Content starts

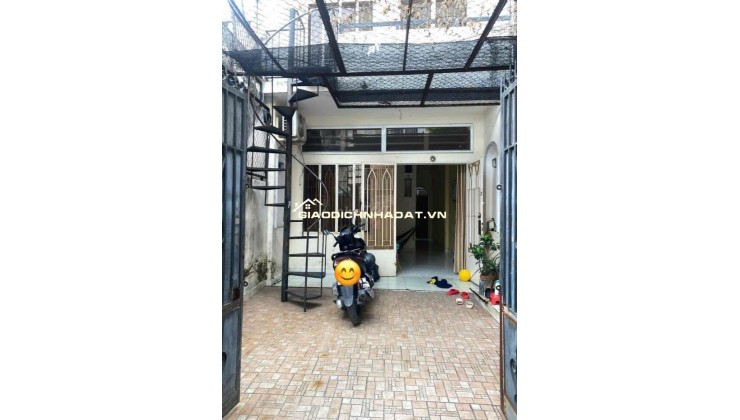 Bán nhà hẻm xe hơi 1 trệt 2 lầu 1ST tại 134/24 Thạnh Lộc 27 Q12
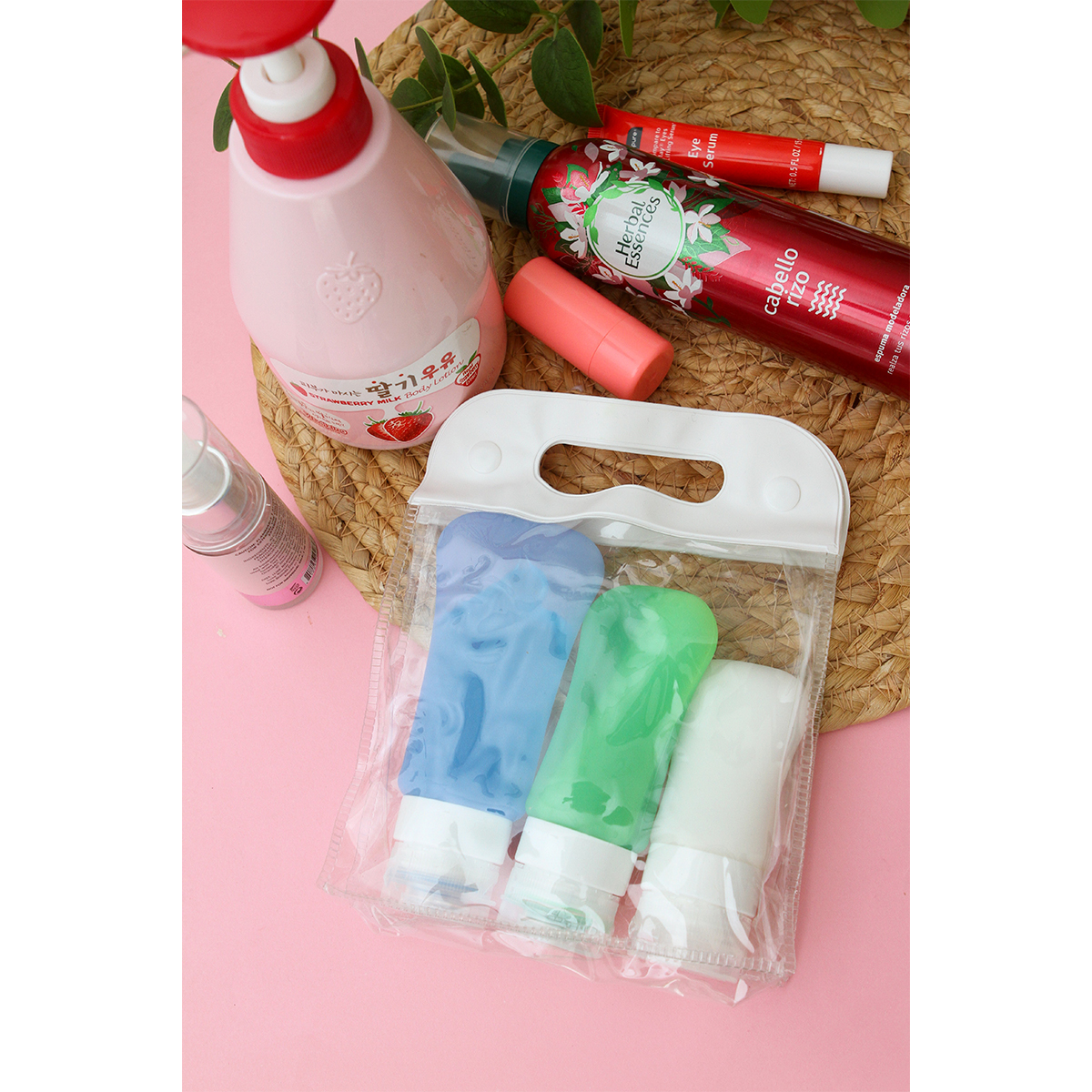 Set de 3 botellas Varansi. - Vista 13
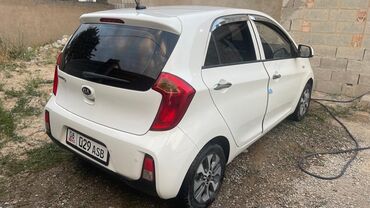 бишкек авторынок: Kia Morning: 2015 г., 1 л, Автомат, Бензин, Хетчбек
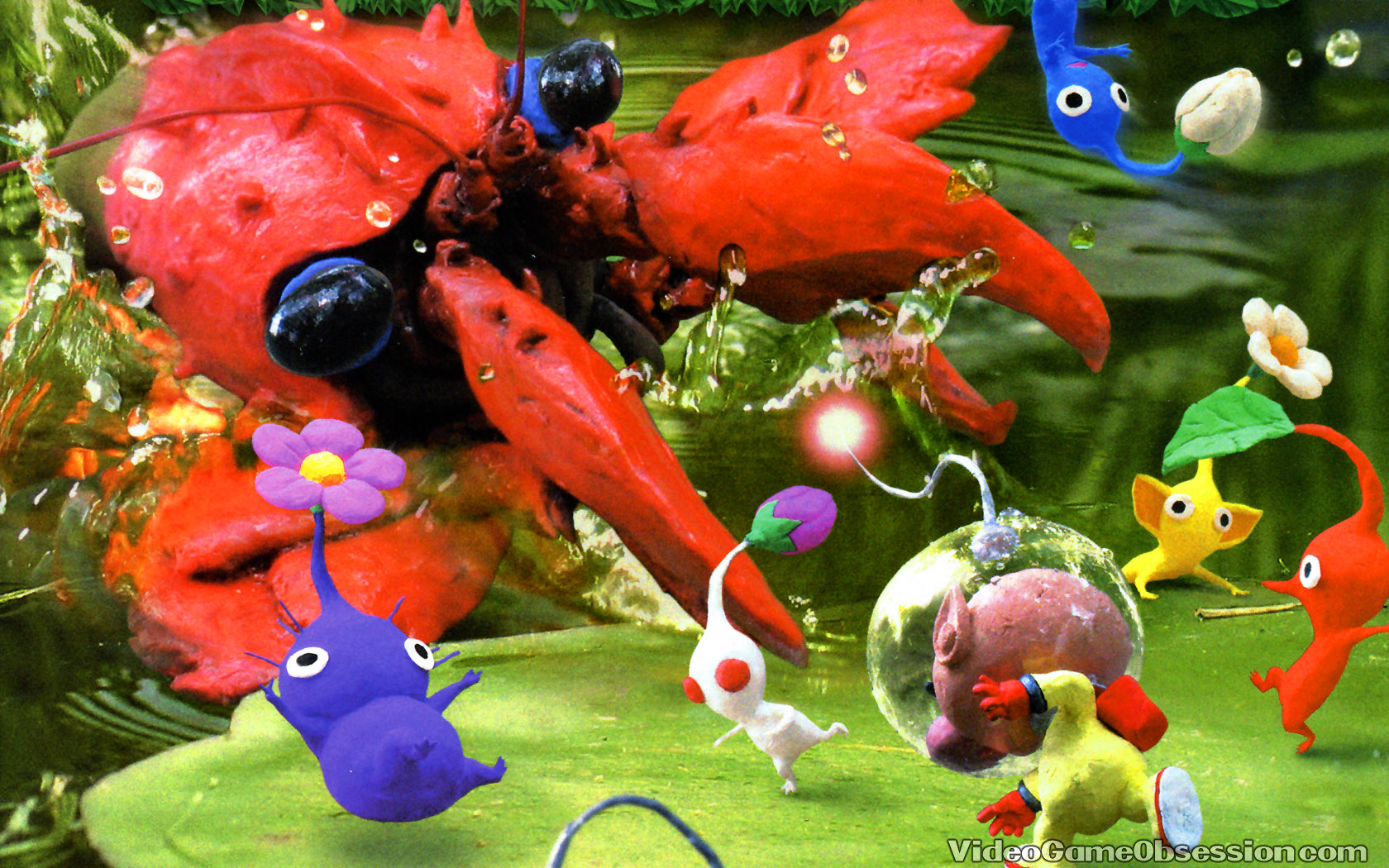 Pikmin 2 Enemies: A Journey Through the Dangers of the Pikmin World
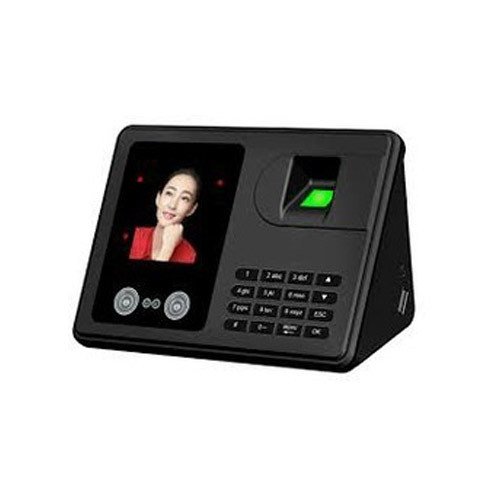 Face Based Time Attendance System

Content ends
Content starts

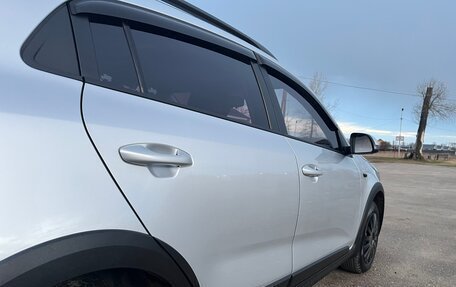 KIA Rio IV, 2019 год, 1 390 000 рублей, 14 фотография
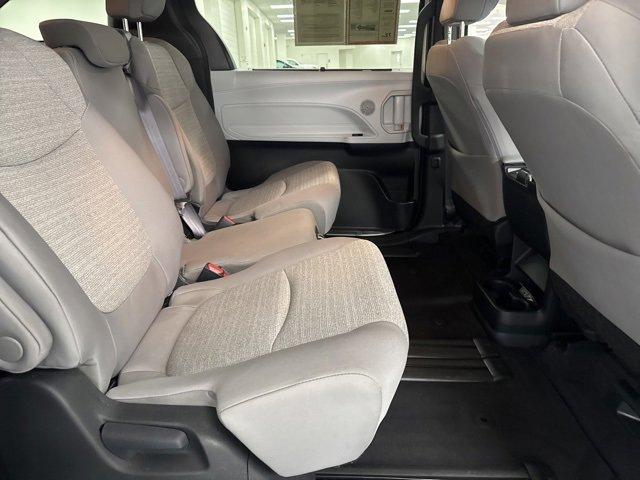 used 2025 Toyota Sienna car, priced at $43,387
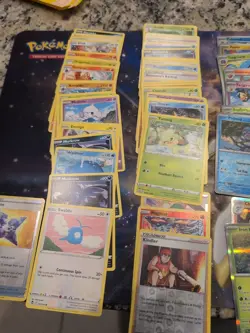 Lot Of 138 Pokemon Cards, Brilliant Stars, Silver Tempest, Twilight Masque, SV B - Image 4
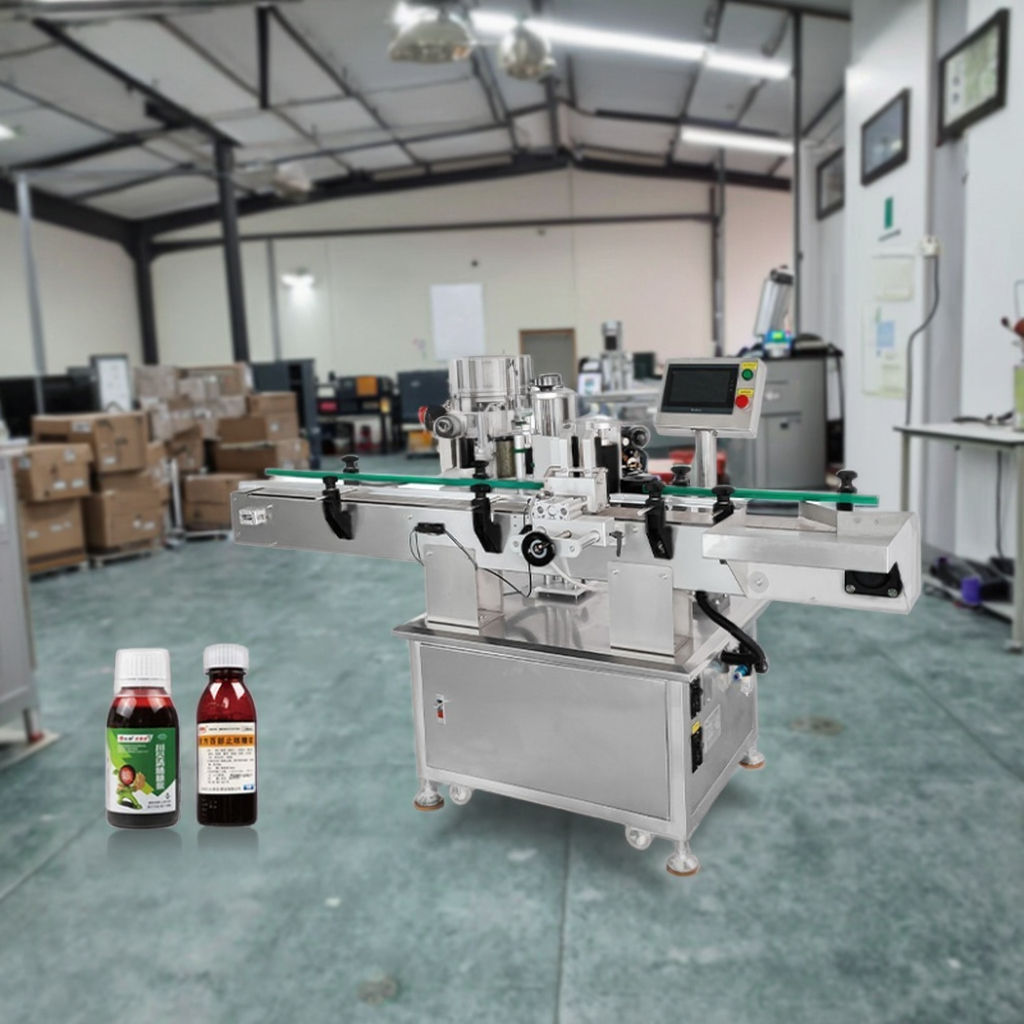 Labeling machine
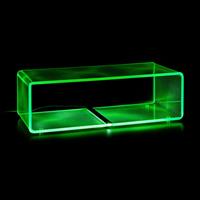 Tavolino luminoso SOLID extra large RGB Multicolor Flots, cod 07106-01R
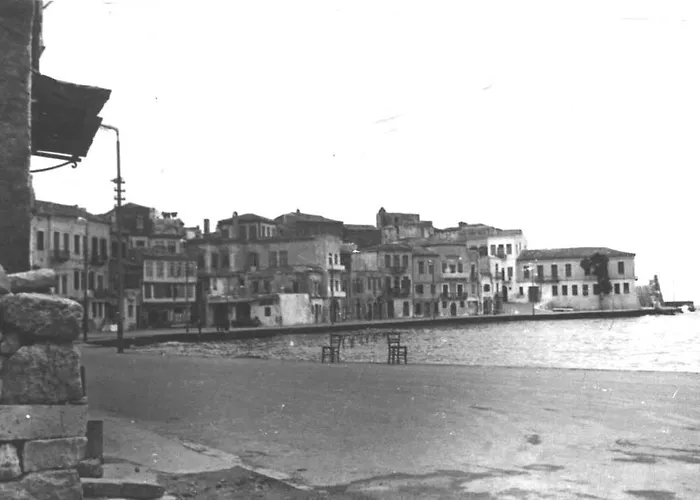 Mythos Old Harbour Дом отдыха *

Content ends
Content starts

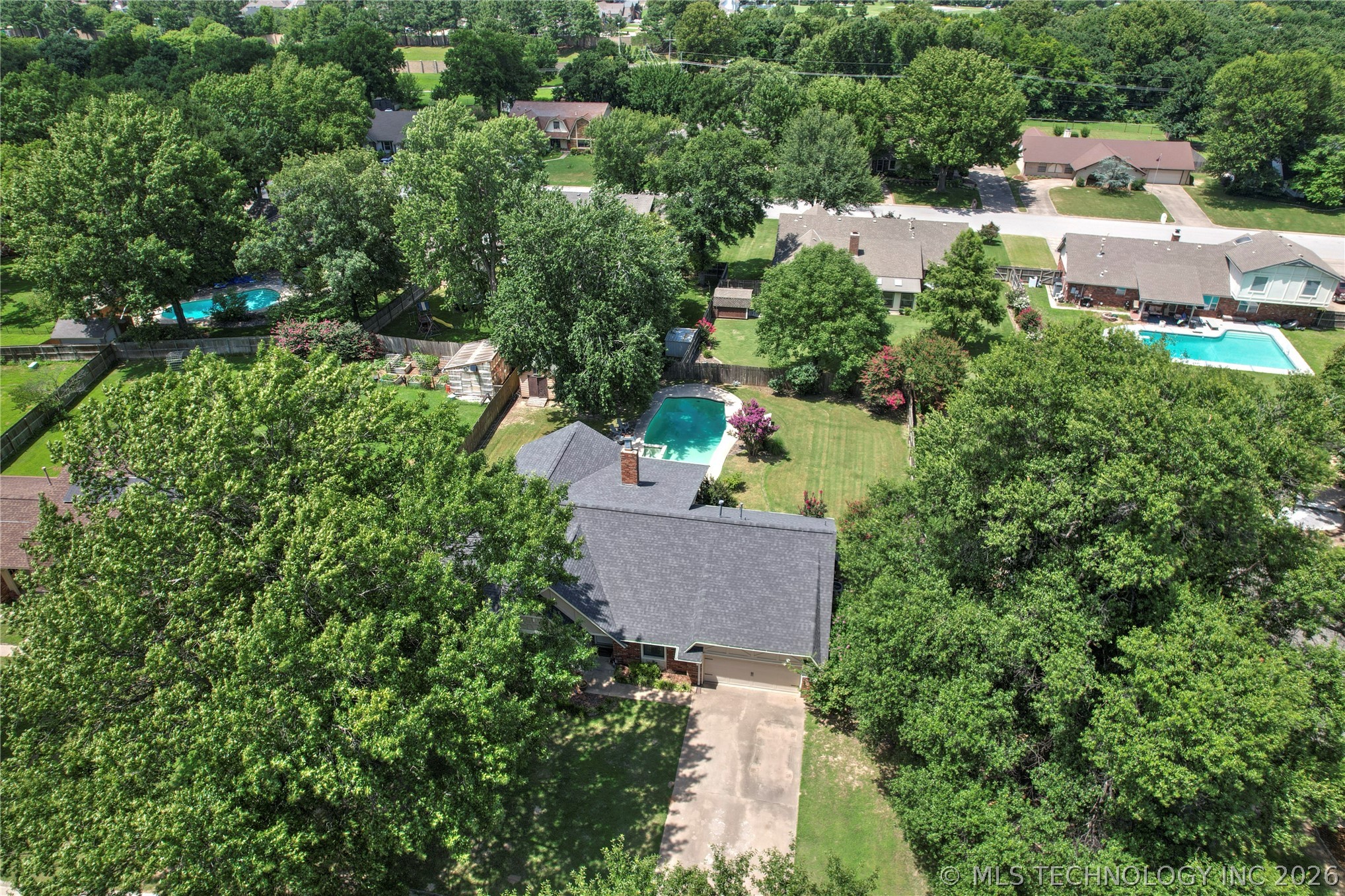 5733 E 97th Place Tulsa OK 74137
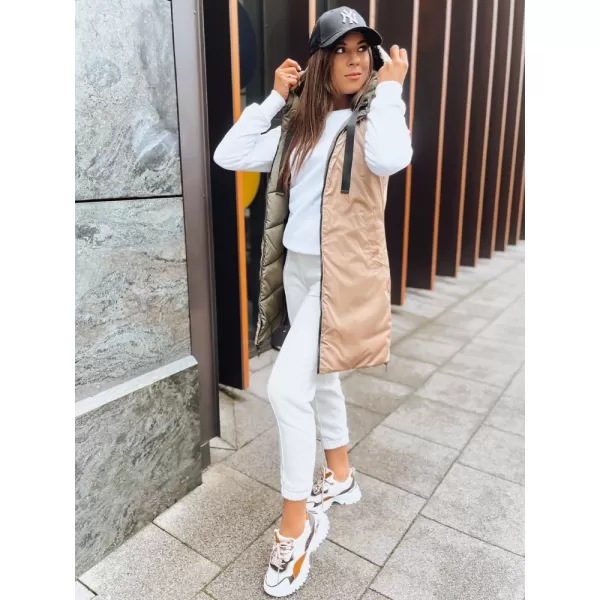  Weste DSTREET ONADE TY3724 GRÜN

Content ends

* **Problem details**
Above, find the line holding "бишкек авторынок: Kia" and the line holding "Face Based Time Attendance System". Print exactly those two lines and every line between them, but no pictures.

* **Result**
 бишкек авторынок: Kia Morning: 2015 г., 1 л, Автомат, Бензин, Хетчбек
 Pikmin 2 Enemies: A Journey Through the Dangers of the Pikmin World
 Face Based Time Attendance System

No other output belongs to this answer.